### WORK TASK
Each line of the data must be given back verbatim, with pictures removed.

### INFORMATION PROVIDED
═══

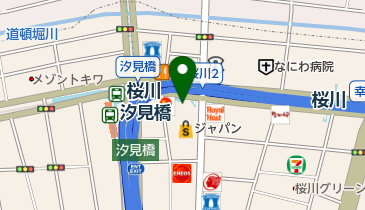 横浜家系ラーメン 一新家の地図画像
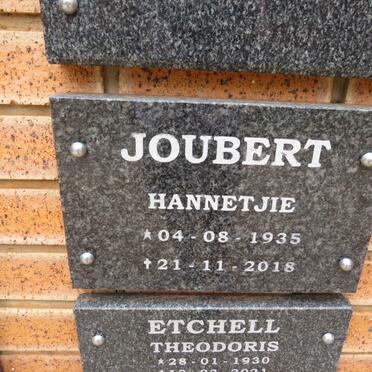 JOUBERT Hannetjie 1935-2018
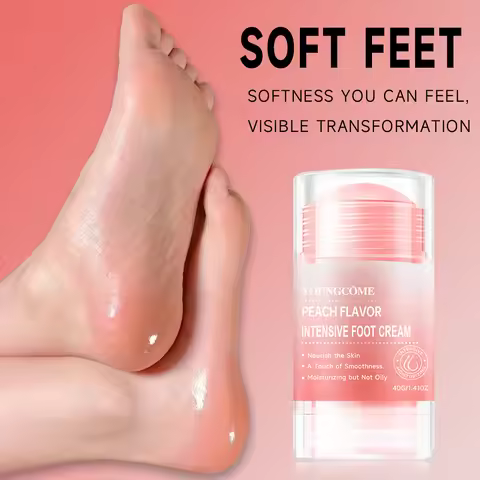 Peach FlavorIntensive Foot Cream Deodorant Stick Anti Sweating Keep Drying Fragrance RemoveFoot Odor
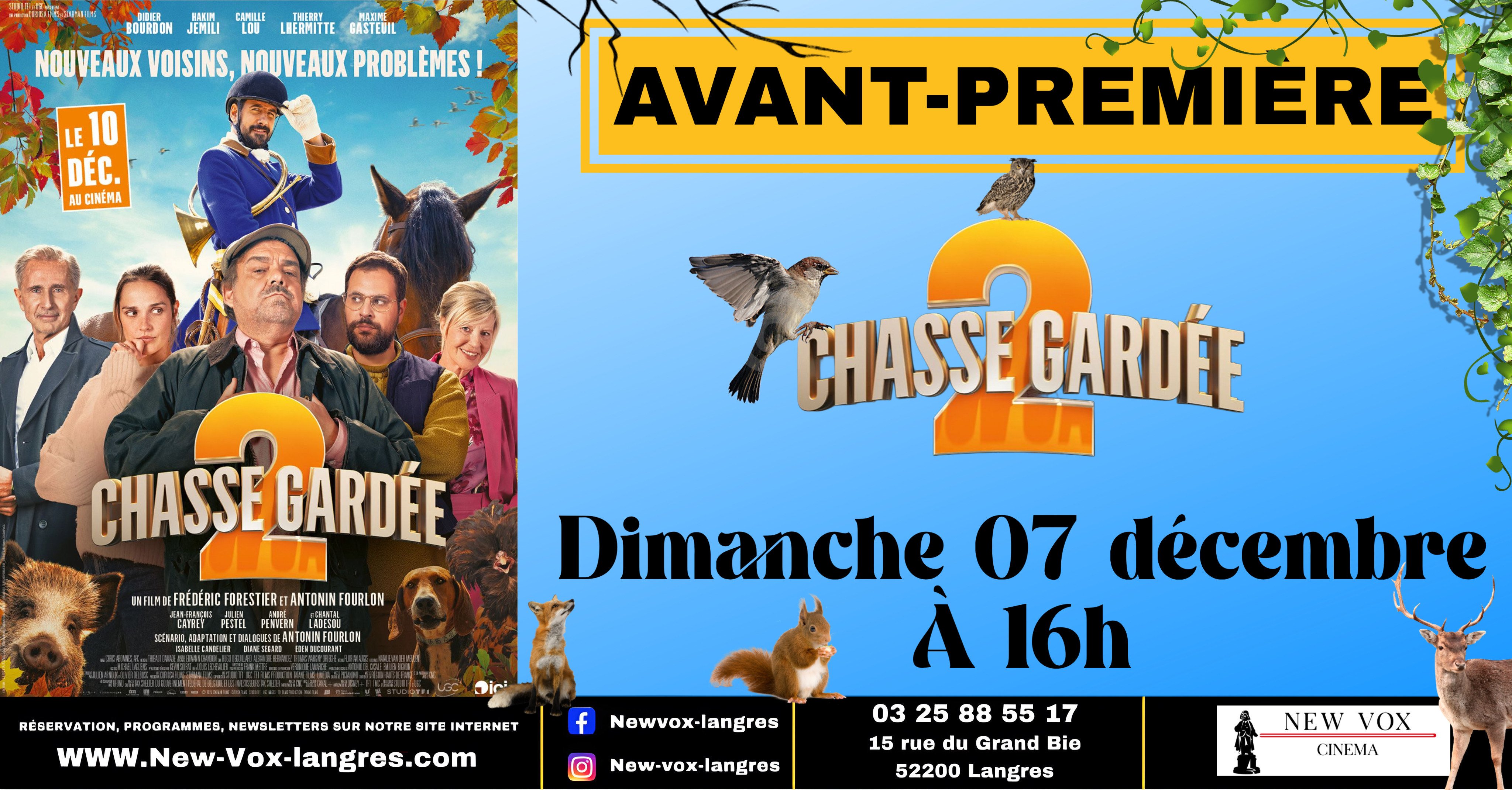 Avant-première ; 'Chasse Gardée 2'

═══

### TASK RESPONSE
 横浜家系ラーメン 一新家の地図画像
 JOUBERT Hannetjie 1935-2018
 Peach FlavorIntensive Foot Cream Deodorant Stick Anti Sweating Keep Drying Fragrance RemoveFoot Odor
 Avant-première ; 'Chasse Gardée 2'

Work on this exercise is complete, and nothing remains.